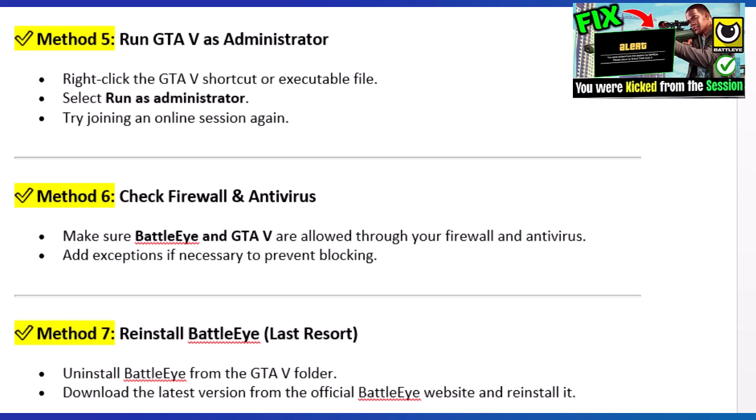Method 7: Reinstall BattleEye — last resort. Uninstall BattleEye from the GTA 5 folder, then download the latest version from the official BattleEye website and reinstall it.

==

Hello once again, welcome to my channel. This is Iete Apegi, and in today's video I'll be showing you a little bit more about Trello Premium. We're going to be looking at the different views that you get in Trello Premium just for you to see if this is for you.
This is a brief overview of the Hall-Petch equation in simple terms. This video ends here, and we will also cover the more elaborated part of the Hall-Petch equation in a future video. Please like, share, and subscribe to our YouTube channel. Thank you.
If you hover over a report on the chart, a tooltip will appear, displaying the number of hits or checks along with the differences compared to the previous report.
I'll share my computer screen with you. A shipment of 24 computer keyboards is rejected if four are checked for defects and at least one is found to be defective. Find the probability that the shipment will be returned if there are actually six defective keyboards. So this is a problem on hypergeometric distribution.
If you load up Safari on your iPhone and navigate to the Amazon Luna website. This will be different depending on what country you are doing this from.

---

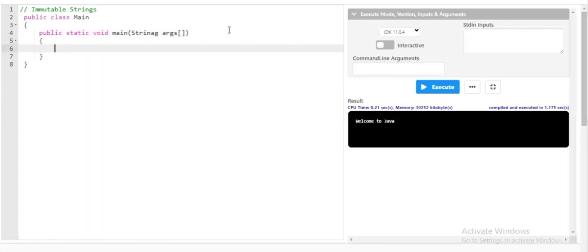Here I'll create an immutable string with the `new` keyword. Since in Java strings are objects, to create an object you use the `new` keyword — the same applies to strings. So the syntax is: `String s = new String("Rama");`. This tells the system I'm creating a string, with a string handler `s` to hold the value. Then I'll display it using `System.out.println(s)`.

* **What you will do**
The answer should be one number: how many lines in the data contain the word "different".

* **Answer section**
2